Why not also turksilog (turkey), chicksilog, hamsilog, and so on? Indeed, they really do stuff like this. There’s even a hotsilog (you guessed, it, with hotdog). I think “kielbasilog” would be good.

Here’s the fun part: it’s all easy to make from scratch, using ingredients readily available at any standard American grocery store. Ginger, soy sauce, and sesame oil are the most unusual ingredients, unless you also count good white rice as an unusual ingredient, too.

Here’s the part that makes it especially perfect for breakfast: you can do most of the work the day before. The meat is prepped and marinated well ahead of time (or if you make your own Filipino sausage, then you can do up a big batch, freeze it, and use it here and there as you wish). Or, just use whatever meat is leftover. And the fried rice, like fried rice everywhere, uses leftover rice—such as leftover rice from Chinese takeout.
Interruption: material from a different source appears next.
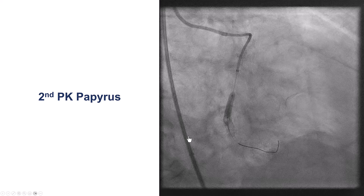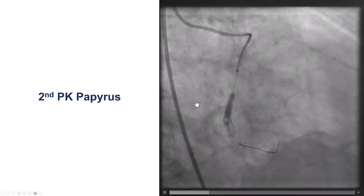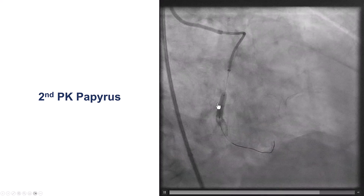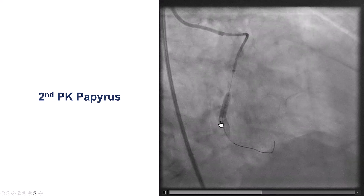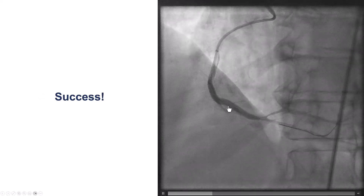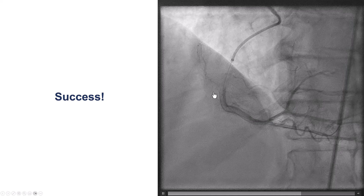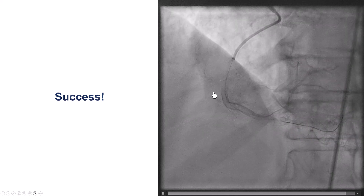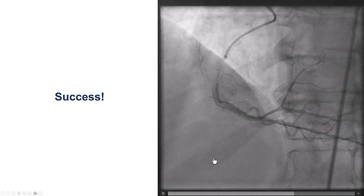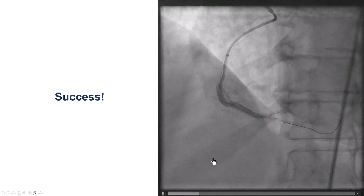What to do next? We decided to place another Papyrus because we thought the mechanism might be that the exit point was different from what we had originally assumed. After we placed another Papyrus more proximally, we achieved complete sealing without any more staining on the wall of the vessel.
Sinangag: Filipino garlic fried rice.

The only real prep work is peeling and mincing garlic right before you fry the rice, though I bet a lot of people will just use minced garlic from a jar.

Breakfast-making needs to be simple, you know? You’re staggering around, you’re in a hurry, you haven’t had your coffee yet . . . (Please, please read this essay about breakfast by my beloved John Thorne. This one, too.)

I’ve found that I can use the same nonstick wok for all of it: cooking the garlic fried rice first, putting it in the oven to stay warm beside the serving plates; then cooking the meat and putting it in the oven, too; then rinsing or wiping the pan and doing the fried eggs. Ta-da!

Cooking tapa.

It’s a really tasty breakfast. It seems less heavy and salty than the traditional American breakfast. The garlic makes the whole house smell delicious. The runny yolk of the fried egg is a creamy dressing for the rice and the meat, and the meat and its juices dress the rice and the egg. The spicy vinegar dresses and brightens everything with ginger-black-pepper-pickled-onion flavor.

Tapa is thin-sliced steak cooked in a delicious marinade.

It's a lot like teriyaki beef.

Oh, I forgot to garnish my plate with anything fresh, like sliced tomato or cucumber, but yeah, you can do that, too, if you can think to do it before the rest is done. Because once this food is ready, it’s definitely time for breakfast!

I’m not gonna give you any recipes here, since I’m still in the phase of tweaking the recipes like I want. (Like, my cookbook calls for “sugar” in the tapa marinade, but I’ve decided to use “brown sugar.”) There are plenty of places to find recipes online (here’s a good one that introduces basic techniques for the big three meat choices, though you can find much simpler and perfectly fine recipes elsewhere; and this one has good commentary on the garlic fried rice), plus, again, that highly recommended, highly entertaining breakfast cookbook I told you about; it has good basic recipes, enough to get you started.